Nguyen Phuong H
Institute of Physical and Theoretical Chemistry, J.W. Goethe University, Frankfurt, Germany.
Proteins. 2006 Dec 1;65(4):898-913. doi: 10.1002/prot.21185.
Employing the recently developed hierarchical nonlinear principal component analysis (NLPCA) method of Saegusa et al. (Neurocomputing 2004;61:57-70 and IEICE Trans Inf Syst 2005;E88-D:2242-2248), the complexities of the free energy landscapes of several peptides, including triglycine, hexaalanine, and the C-terminal beta-hairpin of protein G, were studied. First, the performance of this NLPCA method was compared with the standard linear principal component analysis (PCA). In particular, we compared two methods according to (1) the ability of the dimensionality reduction and (2) the efficient representation of peptide conformations in low-dimensional spaces spanned by the first few principal components. The study revealed that NLPCA reduces the dimensionality of the considered systems much better, than did PCA. For example, in order to get the similar error, which is due to representation of the original data of beta-hairpin in low dimensional space, one needs 4 and 21 principal components of NLPCA and PCA, respectively. Second, by representing the free energy landscapes of the considered systems as a function of the first two principal components obtained from PCA, we obtained the relatively well-structured free energy landscapes. In contrast, the free energy landscapes of NLPCA are much more complicated, exhibiting many states which are hidden in the PCA maps, especially in the unfolded regions. Furthermore, the study also showed that many states in the PCA maps are mixed up by several peptide conformations, while those of the NLPCA maps are more pure. This finding suggests that the NLPCA should be used to capture the essential features of the systems.
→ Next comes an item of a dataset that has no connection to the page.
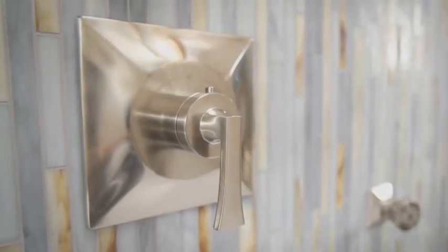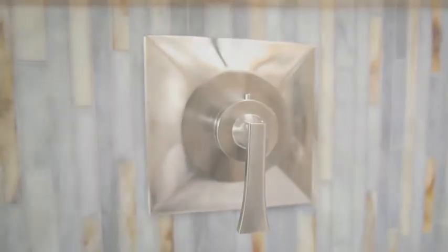Escape and create your own retreat with the ultimate of flexibility and luxury. The Villamonte Collection by Mirabelle.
采用最近由佐久间等人开发的分层非线性主成分分析(NLPCA)方法(《神经计算》2004年;61:57 - 70以及《IEICE信息系统学报》2005年;E88 - D:2242 - 2248),研究了包括三甘氨酸、六丙氨酸以及蛋白G的C端β - 发夹在内的几种肽的自由能景观的复杂性。首先,将这种NLPCA方法的性能与标准线性主成分分析(PCA)进行了比较。具体而言,我们根据(1)降维能力和(2)在前几个主成分所跨越的低维空间中肽构象的有效表示来比较这两种方法。研究表明,NLPCA在降低所考虑系统的维度方面比PCA要好得多。例如,为了在低维空间中获得由于β - 发夹原始数据表示而产生的相似误差,分别需要NLPCA的4个主成分和PCA的21个主成分。其次,通过将所考虑系统的自由能景观表示为从PCA获得的前两个主成分的函数,我们得到了结构相对良好的自由能景观。相比之下,NLPCA的自由能景观要复杂得多,展现出许多隐藏在PCA图中的状态,特别是在未折叠区域。此外,研究还表明,PCA图中的许多状态被几种肽构象混合在一起,而NLPCA图中的状态则更纯净。这一发现表明,应该使用NLPCA来捕捉系统的基本特征。